Top of Records

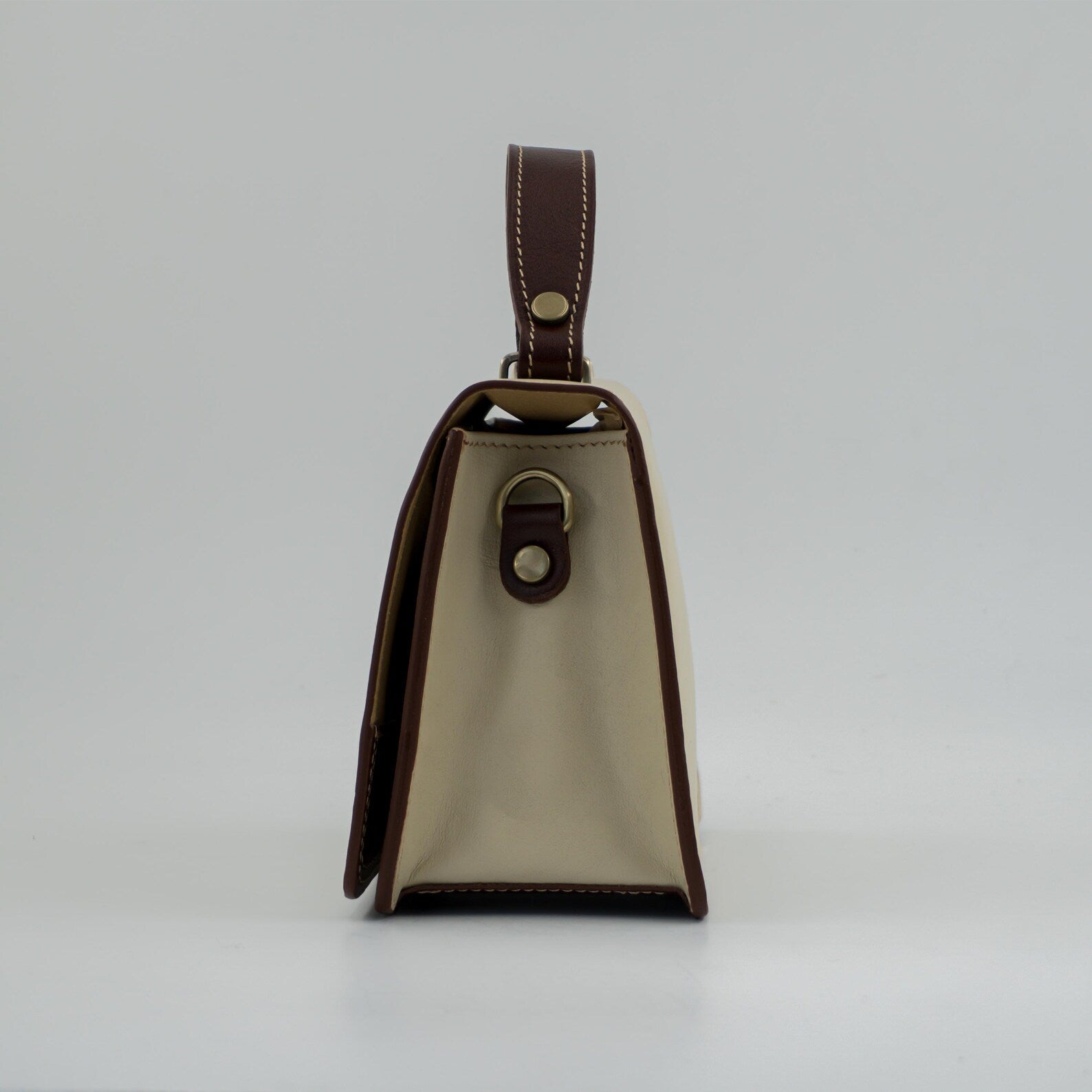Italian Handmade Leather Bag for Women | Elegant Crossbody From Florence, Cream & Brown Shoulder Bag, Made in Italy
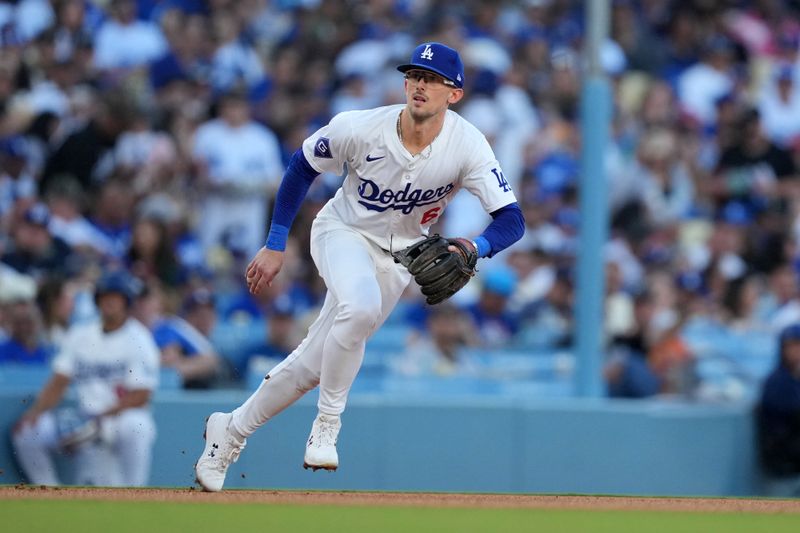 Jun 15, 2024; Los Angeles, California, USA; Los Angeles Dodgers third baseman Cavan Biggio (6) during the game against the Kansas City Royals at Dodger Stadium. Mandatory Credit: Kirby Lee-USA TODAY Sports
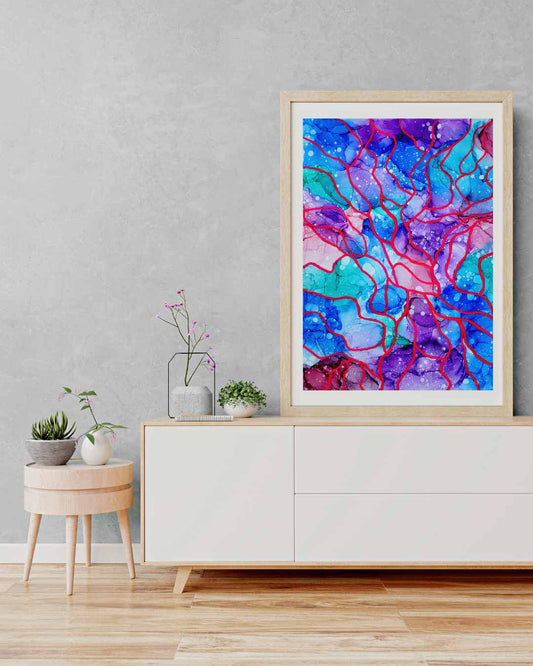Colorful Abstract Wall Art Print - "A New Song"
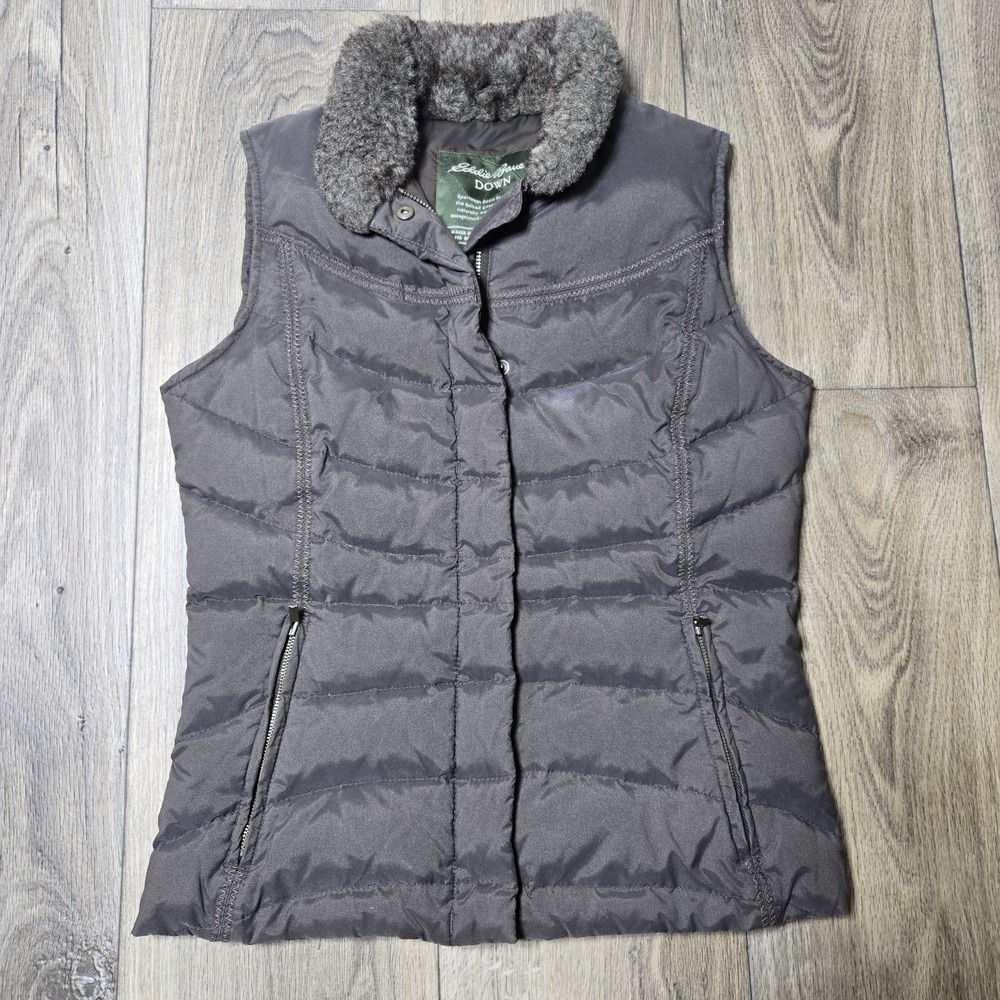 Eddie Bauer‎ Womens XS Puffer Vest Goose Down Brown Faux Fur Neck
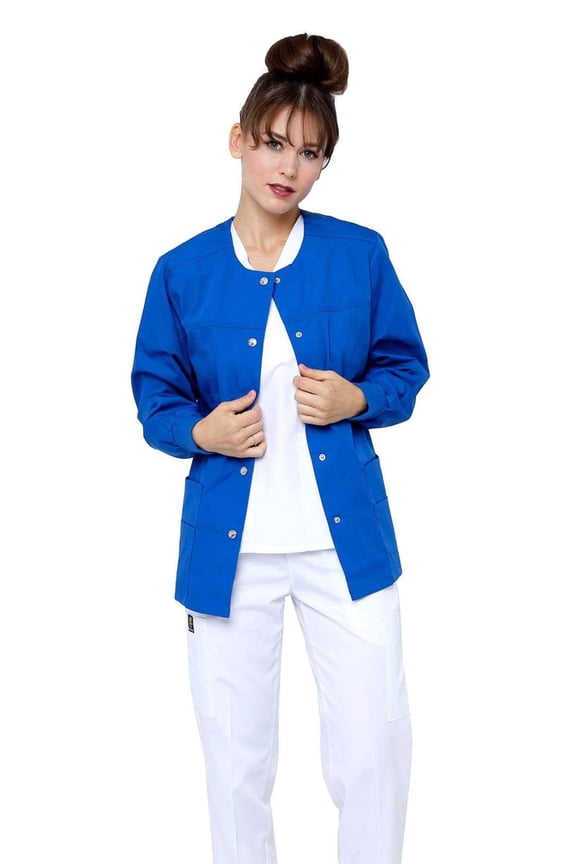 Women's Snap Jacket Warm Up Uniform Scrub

Bottom of Records

What the task asks: In the data above, find the line containing "Colorful Abstract Wall"; from there, please write out each line through the end, exactly, with the pictures omitted.

Result for this task:
Colorful Abstract Wall Art Print - "A New Song"
 Eddie Bauer‎ Womens XS Puffer Vest Goose Down Brown Faux Fur Neck
 Women's Snap Jacket Warm Up Uniform Scrub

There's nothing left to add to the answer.